La notion de rapprochement entre citoyens et autorité ayant été l’un des points d’ancrage de la campagne de François Hollande, c’est bien sur cet aspect que s’appuient Les Indignés du PAF pour faire entendre leurs revendications : « Nous ne voulons pas devenir un contre-pouvoir au contre-pouvoir que représentent médias, mais nous nous proposons de devenir un relais et une interface entre un public de plus en plus méfiant à juste titre envers des médias qui, le plus souvent sous la pression de leurs actionnaires, utilisent des méthodes de plus en plus douteuses. » martèle le porte-parole du mouvement.
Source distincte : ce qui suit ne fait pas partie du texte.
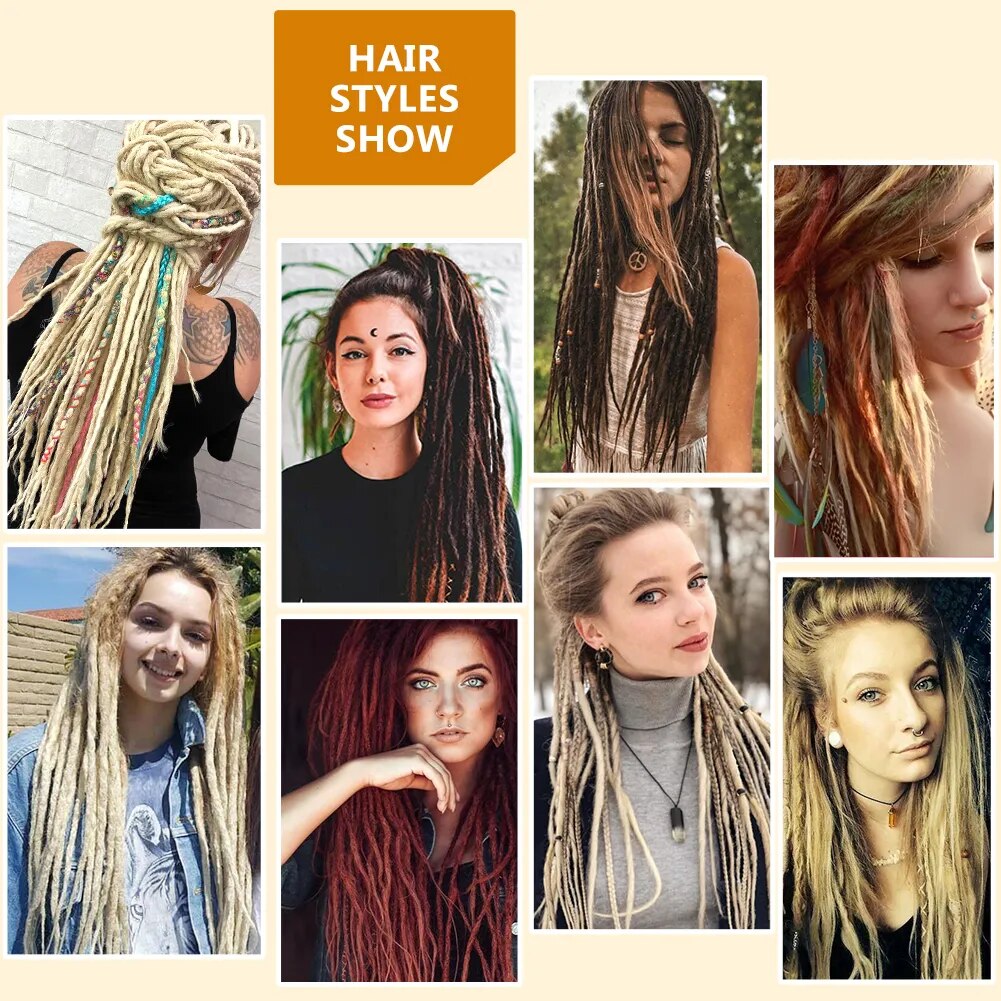 Synthetic Double Ended Dreadlock Extensions For Dreads Handmade Crochet Reggae Hip-Hop Style Soft Black Hair 24inches Thin 0.6cm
Légitime défense ou simple attisement des tensions ?
« Nous pensons qu’il est urgent de repenser la fabrication de l’information pour une réconciliation tout aussi urgente entre le public et les médias, explique Philippe Guihéneuf, car ce genre de dérives arrive trop fréquemment. Et quand les études montrent que les spectateurs n’ont plus du tout confiance dans les médias, c’est le signe qu’il faut agir. » poursuit-t-il, tout en précisant qu’à ce jour, la pétition a recueilli 6000 signatures. Un constat alarmiste tempéré par le spécialiste en sciences de l’information et de la communication François Jost. Selon lui : « cette logique de défiance, de dénonciation et de flicage systématique est contre-productive. Ce leitmotiv du tous pourris me gène, explique-t-il, cela relève du pur fantasme. Ils stigmatisent les journalistes et accentuent le rapport de méfiance entre le public et les médias, tout en prônant l’idée d’une réconciliation. Je trouve cela incompatible. »
Et tandis que de son côté, Philippe Guihéneuf dans un communiqué de presse insiste sur la facilité de la faisabilité technique de leur requête, le sociologue spécialiste des médias Jean-Marie Charon prévient que : « même si l’éventualité de la nomination d’un citoyen au CSA est techniquement envisageable, il semble peu probable que cela soit pour tout de suite. Surtout, celui-ci serait très vite contesté par les acteurs du monde de l’audiovisuel, ce qui est d’ailleurs déjà le cas. Je reste convaincu que l’idée d’un besoin de représentativité des citoyens au CSA est légitime. Or, dans le cas des Indignées du PAF, et si l’on parle en terme de mécanismes démocratiques habituelles, ces derniers ne représentent rien. Il s’agit selon-moi d’une démarche autoproclamée qui a peu de chance d’aboutir. Outre la légitimité, je suis surtout tout bonnement incapable d’estimer quel poids réel ils pourraient avoir au sein d’une telle institution. » conclue-t-il.